* Task prompt *
Could the lines from the start of the data through the line with "Men's Long Sleeve" be set down exactly, with no pictures among them?

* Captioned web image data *
══════════

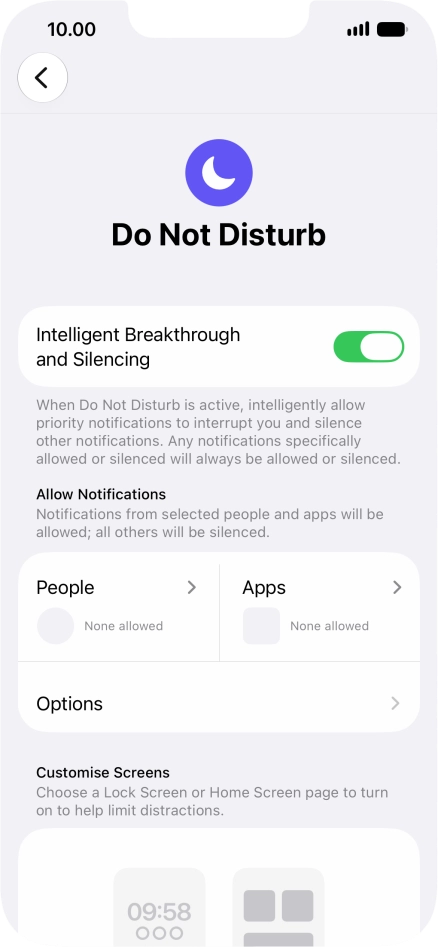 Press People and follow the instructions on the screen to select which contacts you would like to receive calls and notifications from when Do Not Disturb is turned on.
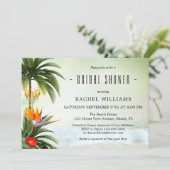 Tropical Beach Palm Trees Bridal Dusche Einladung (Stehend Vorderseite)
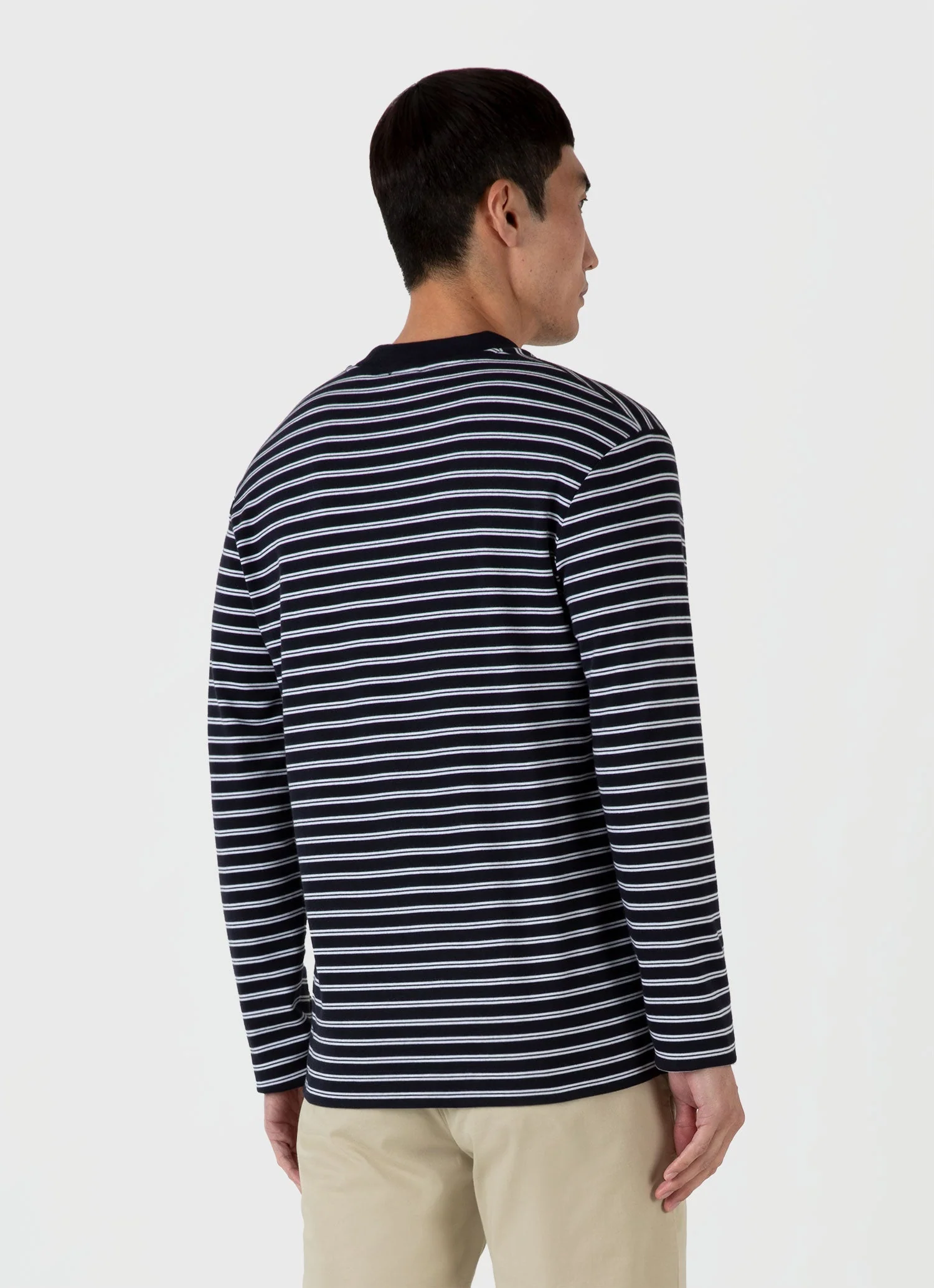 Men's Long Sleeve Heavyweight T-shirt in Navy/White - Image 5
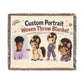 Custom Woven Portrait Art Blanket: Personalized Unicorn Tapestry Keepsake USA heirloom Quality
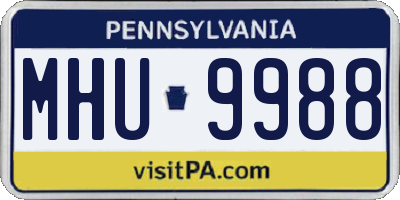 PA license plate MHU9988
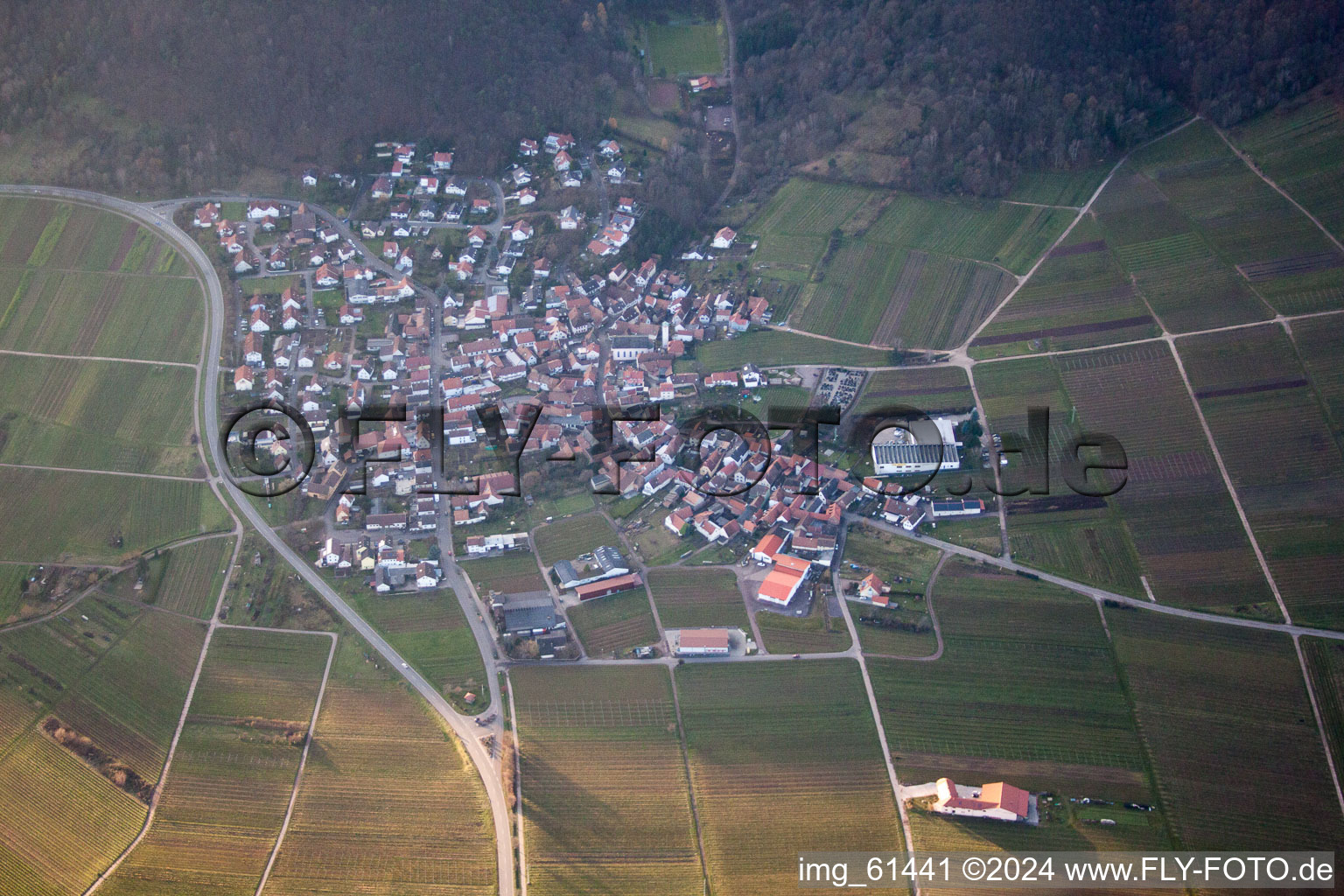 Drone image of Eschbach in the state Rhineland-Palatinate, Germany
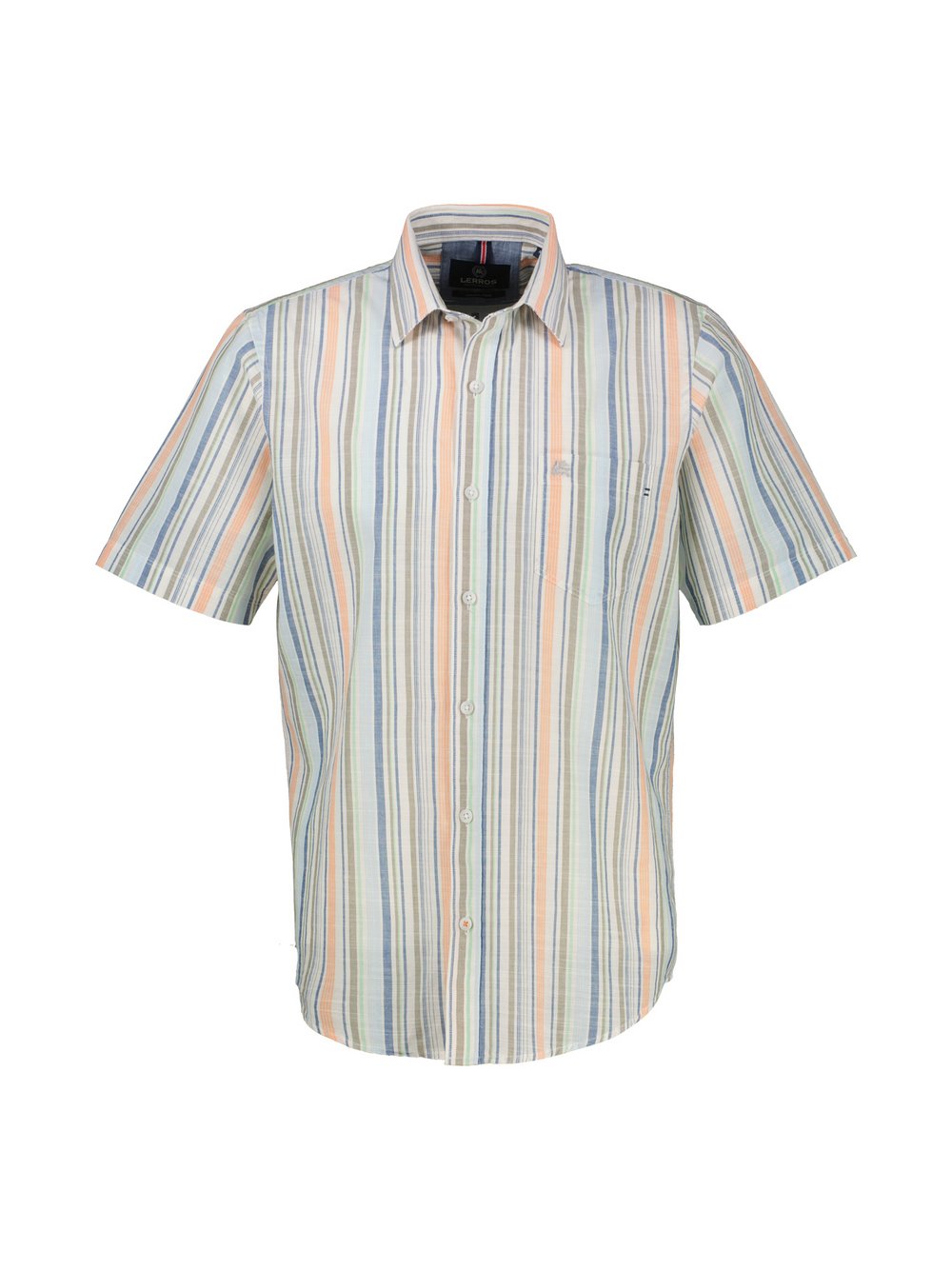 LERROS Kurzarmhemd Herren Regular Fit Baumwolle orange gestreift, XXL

══════════

* Answer box *
 Press People and follow the instructions on the screen to select which contacts you would like to receive calls and notifications from when Do Not Disturb is turned on.
 Tropical Beach Palm Trees Bridal Dusche Einladung (Stehend Vorderseite)
 Men's Long Sleeve Heavyweight T-shirt in Navy/White - Image 5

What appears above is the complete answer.